* Task instructions *
Write the records out exactly, so that no picture remains in the copy.

─── Data supplied ───

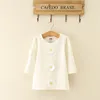Long Cotton Daidy Baby Breathable cotton Fashion Lady Dress For Women Clothes One Piece girls Women Dress Floral Dresses white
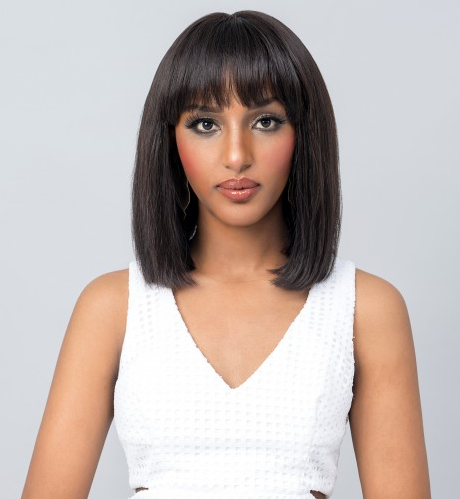 HOW TO CHOOSE SUITABLE WIG FOR ROUND FACE  Luvmehair South Africa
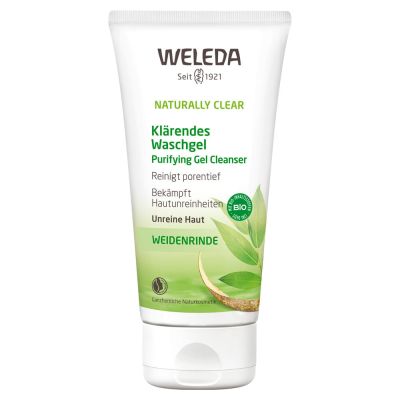 WELEDA NATURALLY CLEAR klärendes Waschgel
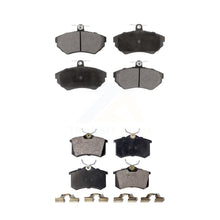 Charger l&#39;image dans la galerie, Front Rear Ceramic Brake Pads Kit For 1999-2002 Volkswagen Cabrio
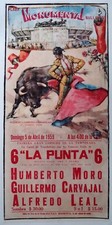 Original Plaza Monumental Mexico, Bull Ring Poster, 1959 picture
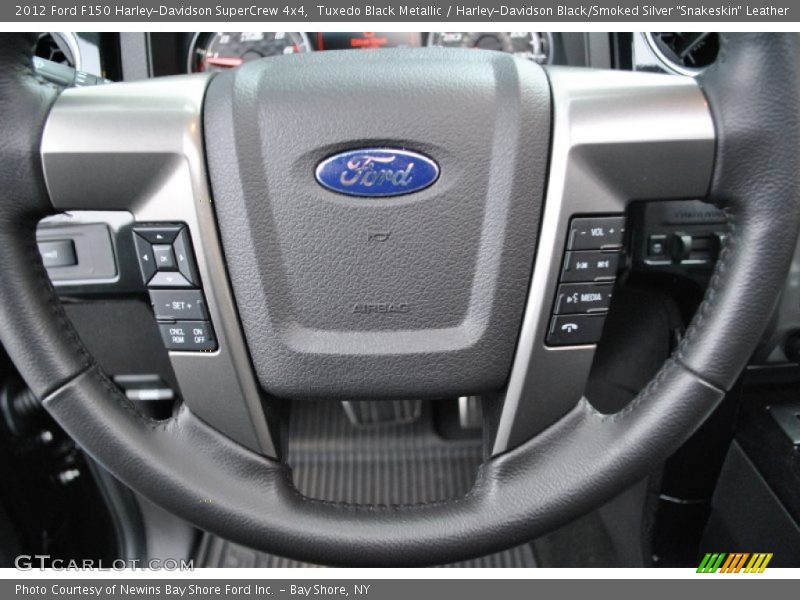Controls of 2012 F150 Harley-Davidson SuperCrew 4x4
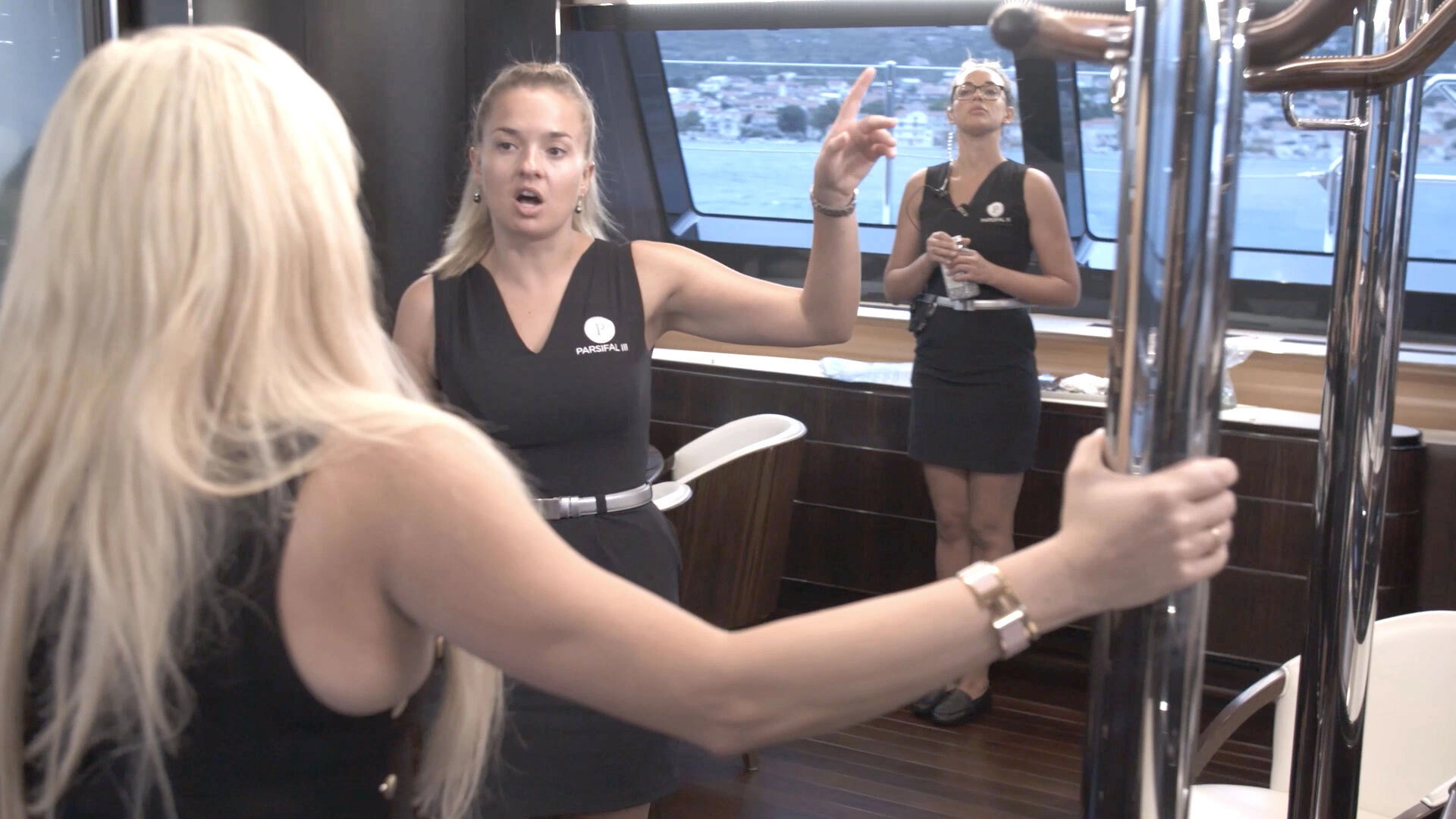 Below Deck Sailing Yacht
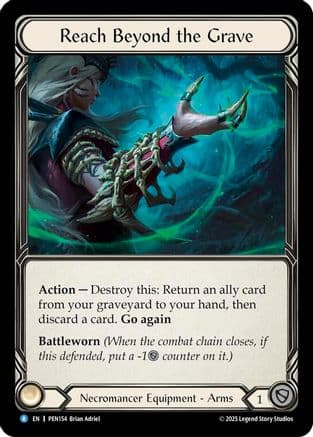 Reach Beyond The Grave — Compendium of Rathe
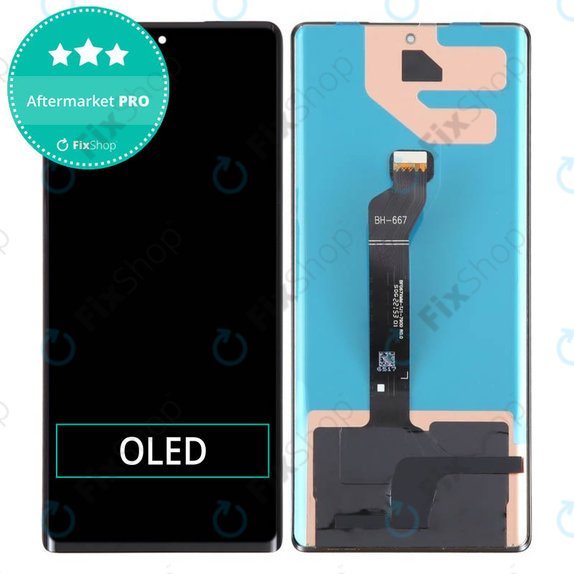 Honor 70 - LCD zaslon + steklo na dotik OLED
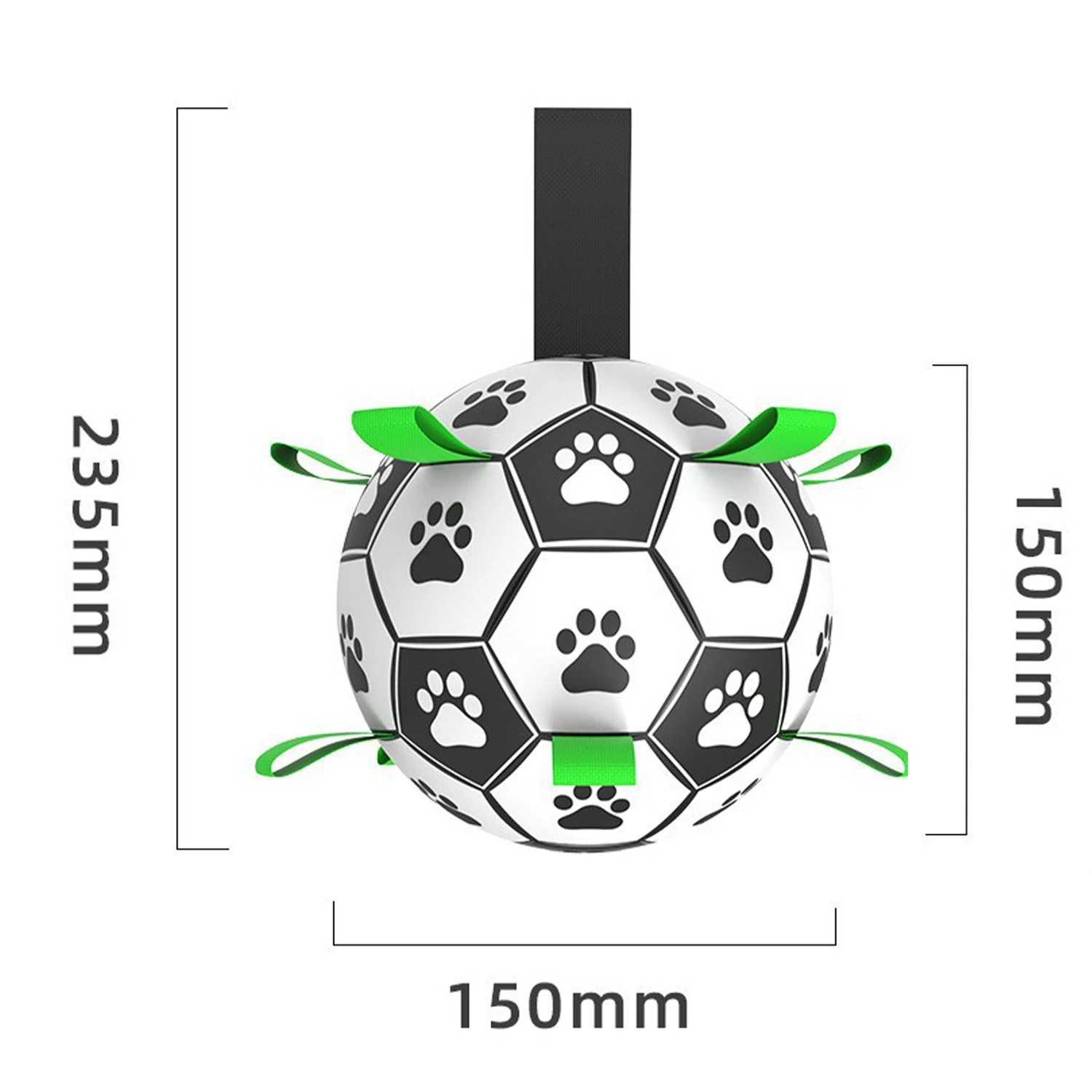 High Quality Dog toy balls pet balls dog training soccer balls pet toys and soccer needles can be purchased separately T2504012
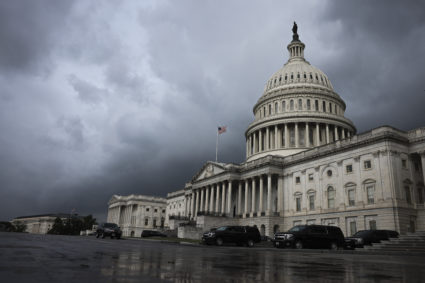 Congress Works On Domestic Agenda On Capitol Hill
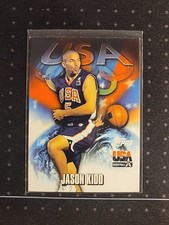 2000 Topps Team USA Gold #48 Jason Kidd USA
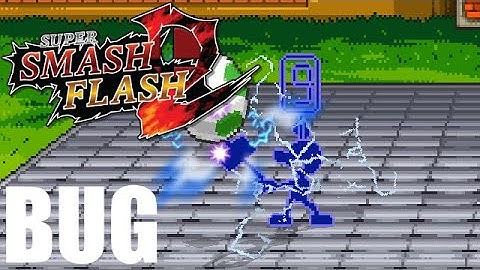 SSF2 Beta 1.2.1: Egg Mode = Bug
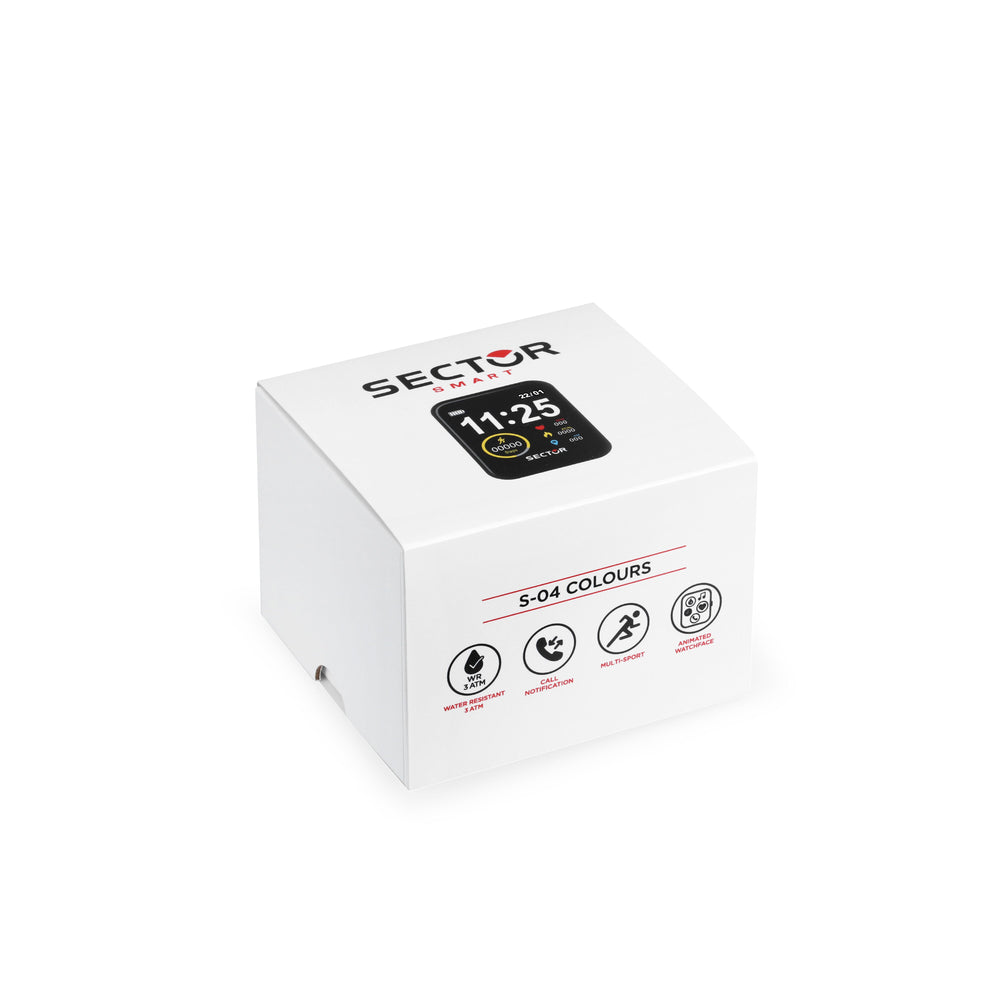 
                  
                    SMARTWATCH DONNA SECTOR S-04 COLOURS R3253158008
                  
                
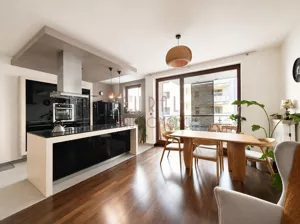 Mieszkanie trzypokojowe 77,00 m², Warszawa, Mokotów, Pole Mokotowskie / Eko-Park / cisza / zieleń / duży balkon / miejsce postojowe, Sprzedaż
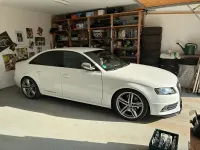 Używany Audi S4 333 KM (244 kW) 2010 Biały Sedan/Limuzyna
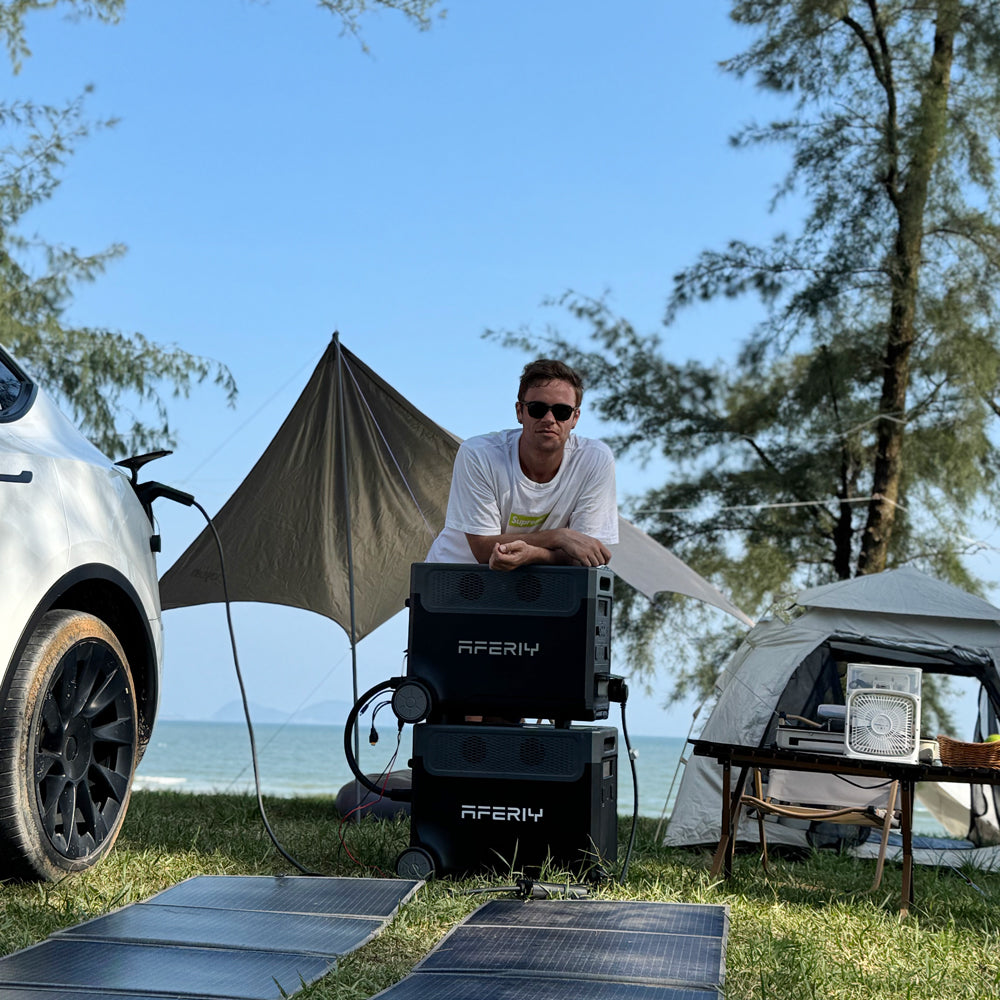 AFERIY P310 Station D'énergie Portable une Capacité D'extension | 3600W 3840Wh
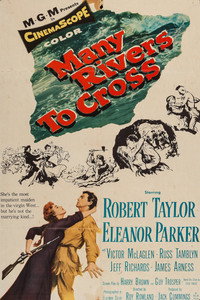 Постер фильма «Впереди — переправы (1955)» — (5 из 19)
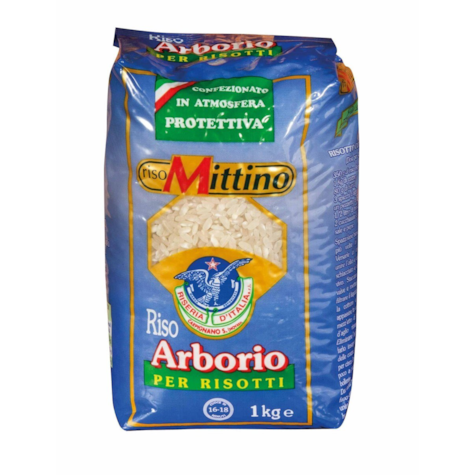 Q RYŻ DO RISOTTO ARBORIO 1kg/10 MITTINO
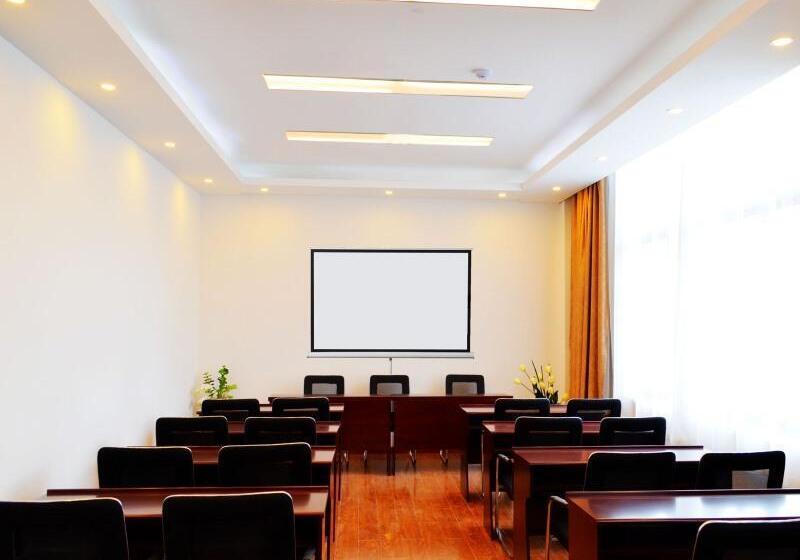 호텔 Greentree Inn Shandong Qingdao Jiaozhou Bus Terminal Station Hai Er Avenue Express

───

* Worked solution *
Long Cotton Daidy Baby Breathable cotton Fashion Lady Dress For Women Clothes One Piece girls Women Dress Floral Dresses white
 HOW TO CHOOSE SUITABLE WIG FOR ROUND FACE  Luvmehair South Africa
 WELEDA NATURALLY CLEAR klärendes Waschgel
 Charger l&#39;image dans la galerie, Front Rear Ceramic Brake Pads Kit For 1999-2002 Volkswagen Cabrio
 Original Plaza Monumental Mexico, Bull Ring Poster, 1959 picture
Controls of 2012 F150 Harley-Davidson SuperCrew 4x4
 Below Deck Sailing Yacht
 Reach Beyond The Grave — Compendium of Rathe
 Honor 70 - LCD zaslon + steklo na dotik OLED
 High Quality Dog toy balls pet balls dog training soccer balls pet toys and soccer needles can be purchased separately T2504012
 Congress Works On Domestic Agenda On Capitol Hill
 2000 Topps Team USA Gold #48 Jason Kidd USA
 SSF2 Beta 1.2.1: Egg Mode = Bug
                  
                    SMARTWATCH DONNA SECTOR S-04 COLOURS R3253158008
                  
                
 Mieszkanie trzypokojowe 77,00 m², Warszawa, Mokotów, Pole Mokotowskie / Eko-Park / cisza / zieleń / duży balkon / miejsce postojowe, Sprzedaż
 Używany Audi S4 333 KM (244 kW) 2010 Biały Sedan/Limuzyna
 AFERIY P310 Station D'énergie Portable une Capacité D'extension | 3600W 3840Wh
 Постер фильма «Впереди — переправы (1955)» — (5 из 19)
 Q RYŻ DO RISOTTO ARBORIO 1kg/10 MITTINO
 호텔 Greentree Inn Shandong Qingdao Jiaozhou Bus Terminal Station Hai Er Avenue Express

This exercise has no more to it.